Greetings everyone. Here in Missouri we are experiencing 100 degree days and I know that many other areas are equally hot. I say it’s too warm to be outdoors. Stay in and write poems for Word of the Month. The word this month is love and there are all kinds of meanings and applications for love.

There’s puppy love of course. I love chocolate. I love the lake behind my house, evenings in the pool with my wife, homemade ice cream, writing, and reading. I love it when I leave my dentist’s office after getting my teeth cleaned. I love my friends. I love sleeping in although I don’t get to do that often. I love the ocean, mountains, the rolling hills of the Ozarks, floating on a river. I love to hear crows in the distance. My list, and yours, could go on. So pick something and post your poem. There is plenty of time but don’t put it off. Do it now and feel smug about it. Don’t you just love that feeling?

David

Our July Hall of Fame Poet and the August Word of the Month

Voting was close for the July Hall of Fame Poet. Steven Withrow, V. L. Gregory, and Silindile Ntuli finished in a tie. However, both Steven and Virginia are previous winners and cannot win again during this twelve month period. Therefore it is my pleasure to announce that Silindile is our July Hall of Fame Poet.

A special thank you to our one and only July young poet, Taylor McGowan, for her good poem. Several people have commented on how much they enjoyed that. We’re always glad to see your work, Taylor.

Congratulations to you, Silindile, and my thanks to everyone who contributed a nice, itchy poem during July. It was a month of many chuckles.

For August I decided to change the subject entirely. Our August word is LOVE. What can you do with that? I look forward to seeing what your creative minds conjure up!

August marks the 11th month for Word of the Month. September will complete the first year.

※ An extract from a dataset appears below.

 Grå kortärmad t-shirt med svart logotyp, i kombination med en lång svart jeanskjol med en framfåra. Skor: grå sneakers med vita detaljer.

Starting in October, all previoius Monthly Hall of Fame Poets will once again be eligible to win. Starting with October, I’ll announe a new system for selecting the monthly winners.

Also in October, we’ll post the winning poems for each of the first twelve months so everone can vote on our first Hall of Fame Poet of the Year. That should be exciting! We’ll have two ballot boxes up, one for the adults and one for the young poets.

Thanks for the ideas about how to celebrate my first blog anniversary on August 9. Please keep them coming. I leave town Sunday for five days but will do my best ot stay in touch.

David

This week at a glance

It has been a good week.

Monday I introduced a new challenge for anyone interested in composing Found Poems using pre-existing prose found in all sorts of publications. We have read several excellent poems so far and they continue to come in. Please don’t forget about this opportunity. Georgia Heard is checking that post to see if she can spot poems she could use in her upcoming book.

Tuesday I summarized our ITCH poems posted so far. Here they are again.

ADULT POETS

Steven Withrow: The Witch’s Itches
Mary Nida Smith: Bewitched
Gay Fawcett: Itch (written by Laura C., a former student)
Ken Thomas Slesarik: Itchy Dilemma
Amy Ludwig VanDerwater: Why Me?
Jane Heitman Healy: In the Mirror
Jane Heitman Healy: Letting Go
Barbara Turner: Mr. Poe’s Itch
Julie Krantz: Blood Brothers

YOUNG POETS

Taylor McGowan: Little Nuisance

Since then we have received these additional poems.

Gay Fawcett: A Lady’s Fame
Liz Korba: Which Itch?

Wednesday it was my pleasure to feature Wendy Singer’s remarks and poem. Wendy continues to receive many comments from fans old and new. She was my 6th Guest Reader.  These Canadians are doing all right for themselves! Where are my poets from other countries?

Thursday I re-featured the pictures of all six of my Guest Readers so far. That made a great looking page with talented people from New York, Florida, Arkansas, Arizona, and Montreal.

Friday I gave you a link to my three-day poetry workshop next June in Pennsylvania and announced the coming appearances of Nancy Gow (July 21) as my next Guest Reader and Gary Dulabaum as a Featured Friday Guest.

Not a bad week, considering that I’m supposed to be taking time off this summer to write more.